Description of key information

Key value for chemical safety assessment

Skin sensitisation

Endpoint conclusion
Endpoint conclusion:
adverse effect observed (sensitising)
Additional information:

In a fully compliant Buhler assay, induction exposures were performed using the substance at 10% (first epidermal induction) and 5% in mineral oil (second and third induction). For challenge a concentration of 2.5% in mineral oil was used while re-challenge was performed using 2.5% and 1% concentrations. Clear evidence that skin sensitisation has occurred was obtained at challenge, where 19 and 17 out of the 20 treated animals showed dermal reactions of degree 1 after 24 and 48 hrs, respectively, and at re-challenge at 1%, where 14 and 12 out of the 20 treated animals showed skin reactions of degree 1 or 2 after 24 or 48 hrs, respectively. Dermal reactions in naïve control animals were always limited to degrees 0 or +/-.

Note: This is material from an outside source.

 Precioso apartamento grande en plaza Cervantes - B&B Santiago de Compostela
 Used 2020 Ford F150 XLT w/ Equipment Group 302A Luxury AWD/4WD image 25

Migrated from Short description of key information:
The following information is available for the sensitisation endpoint:

Rodabaugh D.D. (2008e) A sensitization study of AS305BD administered by the dermal route to Guinea pigs •Modified Buehler design•. Testing laboratory: Charles River Laboratories, Preclinical Services. Report no.: LMT00072. Owner company: Chevron. Report date: 2008-02-20.

This study has been rated as 1 under the Klimisch scoring system and so is considered to be sufficient to address this endpoint.

Respiratory sensitisation

Endpoint conclusion
Additional information:

No data available.

Justification for classification or non-classification

The substance is a skin sensitizer and requires labelling with R43 – May cause sensitisation by skin contact. A

ccording to the GHS, the substance is assigned to skin sensitisation Category 1 (H317) and requires the signs of warning.